Speaker: Steve Thompson, Simon Fraser University

Many networks are changing in time and our data on them come in the form of samples, that is, we observe only some of the nodes and link relationships of the network. Often the most practical way to obtain our sample observations is by tracing links from sample nodes to add more nodes to the sample, so our sampling is also a dynamic, adaptive process. I would like to discuss some applications, issues, and challenges in doing this.

The Effect of Social Media on News Consumption

3:30 pm–3:55 pm

Speaker: Markus Mobius, Microsoft Research New England

An increasing of news is referred through Facebook and Twitter. We use a large browsing dataset to analyze how the substitution of directly navigated news for social news affects political bias and topic selection.

Wednesday, November 20th, 2013

Overview: Label Prediction/Diffusion

9:00 am–9:10 am

Speaker: Michael Kearns, University of Pennsylvania

Semi-supervised Learning on Graphs, Using Observed Correlation Structure

9:10 am–9:35 am

Speaker: Art Owen, Stanford University

The problem data are a graph with labels on a small subset of the vertices. Many methods to fill in the missing values are based on smoothing via graph Laplacians. We show that those are algebraicly equivalent to kriging with a fixed and somewhat arbitrary covariance. On a social network, the same covariance would be used for age, income and gender. It is more reasonable to tune the covariance based on the observed response values, even if those are relatively few. We see improved performance in hold-out experiments.

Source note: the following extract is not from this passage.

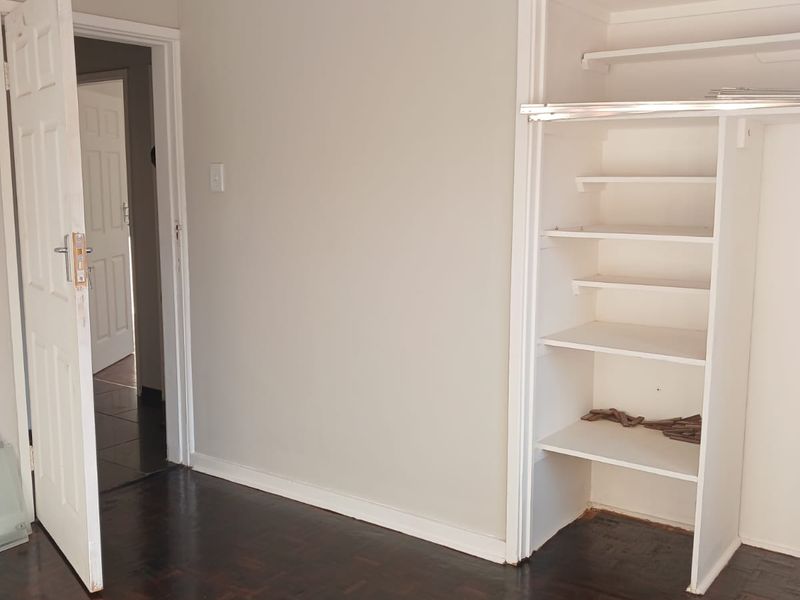An empty bedroom featuring classic parquet flooring and a built-in storage cupboard with shelving.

This is joint work with Ya Xu and Justin Dyer. It is based largely on Ya Xu's dissertation.

How Predictable are Online Cascades

9:35 am–10:00 am

Speaker: Lada Adamic, Facebook

Despite mounting empirical observations on online cascades, and advances in theoretical models of diffusion over networks, the growth of online cascades remains unpredictable.

The Impact of Network Structure on Relational Learning and Inference

10:30 am–10:55 am

Speaker: Jennifer Neville, Purdue University

Although network data offer several opportunities to improve prediction, the characteristics of real world datasets present a number of challenges to accurately incorporate relational information into machine learning algorithms. In this talk, I will discuss the effects of sampling, parameter tying, and model roll-out on the properties of the resulting statistical models--which occurs through a complex interaction between local model properties, global network structure, and the availability of observed attributes. By understanding the impact of these interactions on algorithm performance (e.g., learning, inference, and evaluation), we can develop more accurate and efficient analysis methods for large, partially-observable social network and social media datasets.

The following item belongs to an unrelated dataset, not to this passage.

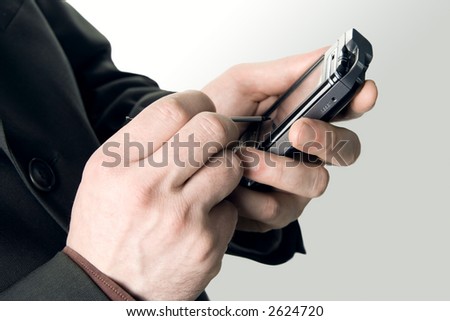 Closeup of a businessman's hands with a pocketpc, isolated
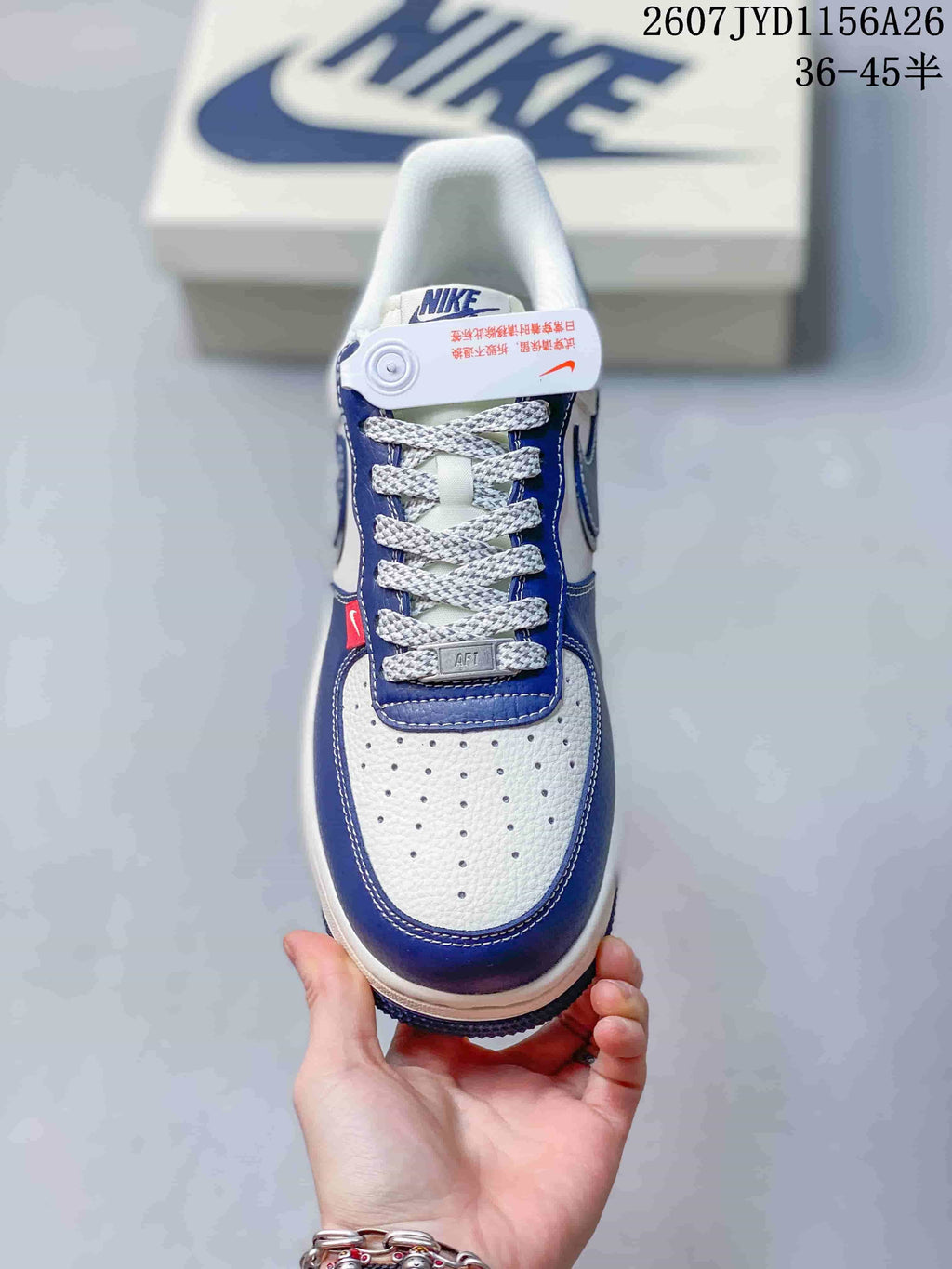 Top view showing the perforated white toe box, blue overlays and woven laces.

The Emergence of Convention: An Experimental Study of Social Order

10:55 am–11:20 am

Speaker: Damon Centola, Massachusetts Institute of Technology

One of the classic problems in social science is understanding how self-enforcing norms emerge within large groups. While many different models have been developed to understand these collective behaviors, ranging from linguistic conventions to cultural practices to ideological consensus, studying these dynamics empirically has remained intractable. Using an experimental online environment, we study how the interaction of individual mechanisms with social networks drives the emergence of consensus even in the absence of the forces traditionally argued to be necessary, such as centralized authority, common knowledge, and focal points. Our results inform the effectiveness of various models of collective behavior for understanding this social process.

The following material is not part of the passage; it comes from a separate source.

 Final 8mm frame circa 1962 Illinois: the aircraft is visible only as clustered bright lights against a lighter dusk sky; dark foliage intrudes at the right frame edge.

The Emergence of Convention: An Experimental Study of Social Order (slides)

Overview: Networks Over Time

1:30 pm–1:40 pm

Speaker: Patrick Wolfe, University College London

Estimating Time-Varying Networks

1:40 pm–2:05 pm

Speaker: Mladen Kolar, Carnegie Mellon University

Extracting knowledge and providing insights into the complex mechanisms underlying noisy high-dimensional data sets is of utmost importance in many scientific domains. Networks are an example of simple, yet powerful tools for capturing relationships among entities over time. I will present a line of work that deals with the estimation of high-dimensional dynamic networks from limited amounts of data. In particular, I will present a general framework of flexible semiparametric models, capable of capturing the dynamics of network changes, and efficient estimation procedures tailored to different assumptions on the underlying dynamics. Illustrative applications of exploring complex real worlds systems will be presented as well.

Estimating Time-Varying Networks (slides)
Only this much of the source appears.